5563

Project CAMPUS LEDEGANCK

renovatie kantoren, labo's, prakica, ...

  • Periode

    2009 - ...

  • Categorieën
  • Aannemer

    Vandenbussche (laagbouw) / CEI-Demeyer nv (hoogbouw)

  • Architect

    Abscis Architecten bvba

  • Bouwheer

    UGent

  • Gemeente

    GENT

  • Bouwkost

    40.000.000 €

  • Oppervlakte

    23.000 m²

  • Detailfiche

Voorafgaande geschiedenis: het eerste na-oorlogse hoogbouwproject van de RUG werd tussen 1959 en 1961 gerealiseerd. Architect en professor Jules Trenteseau ontwierp het gebouw voor de kandidaturen in de wetenschappen. De centrale hoogbouw telt 11 verdiepingen. In een eerste fase werd parallel met de Ledeganckstraat een gebouw voor de Biochemie opgetrokken: 5 verdiepingen hoog, 28 meter lang en 13 meter breed. In een tweede fase was het de beurt aan de hoogbouw. De toren is loodrecht op de Ledeganckstraat ingeplant en bevat labos's en practicumzalen. Tussen beide gebouwen in bevinden zich 2 auditoria voor studenten. Tot slot werd in 1966 voor de laatste fase van het project het pittoreske Botanisch Instituut gesloopt voor een nieuwbouw voor de kandidatuurstudenten.

De toren maakt deel uit van een totaalrenovatie van het complex Ledeganck dat is onderverdeeld in 5 fases (eerste fase betreft de renovatie van de laagbouw, tweede tot vijfde fase de renovatie van de toren). Zowel de laag- als hoogbouw worden volledig gestript tot op de ruwbouw en de lokalen worden volledig heringericht om te voldoen aan de huidige eisen. De veertien verdiepingen hoge toren wordt volledig gestript tot op de ruwbouw. Asbest wordt verwijderd, plafonds en vloeren uitgebroken en de installaties en meubilair weggehaald. De huidige glazen gevel van de laagbouw blijft behouden.

De gevel word volledig heraangekleed met een glasmozaïek. De gevel zal één groot vlak vormen van verschillende glasmodules van 90 op 90 cm en 90 op 40 cm, waaronder een aantal glasplaten een groene tint hebben gekregen die willekeurig in de gevel worden opgenomen. Om de variatie nog meer te visualiseren, wordt er gebruik gemaakt van drie soorten glas: helder, licht en donker glas.
Ondanks het feit dat dit een willekeurige indruk zal geven van op straat, zijn alle glazen platen wel degelijk op een logische manier geplaatst. Voor elke kolom, vloer en koker is een geëmailleerd paneel voorzien. Alle ruimten hebben grote ramen van minimum 4 helder glasmodules met zicht op de stad.

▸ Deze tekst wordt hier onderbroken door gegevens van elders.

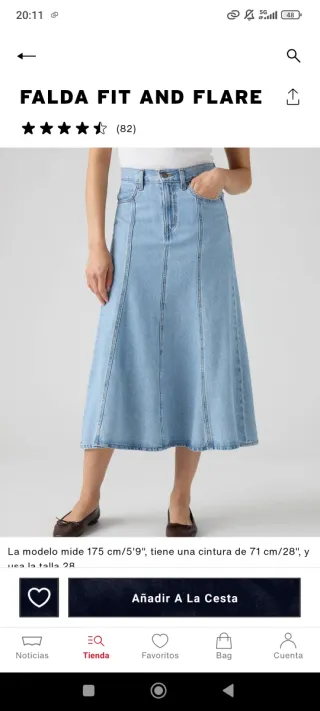 Falda Levi's Fit And Flare Azul Talla 34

Alle circulatiezones (trappen, liften, technische kokers, ...) werd in dit project aangepakt. Het gebouw werd volledig gestript tot op de ruwbouw en aangepast aan de hedendaagse voorschriften.
Verder werd ook de volledige buitengevel aangepakt. Bijzonder hierbij was dat in het kader van de uitvoerbaarheid van de werken onderzocht werd of de overkragende dakluifel de hangbruggen voor de gevelmontage konden dragen.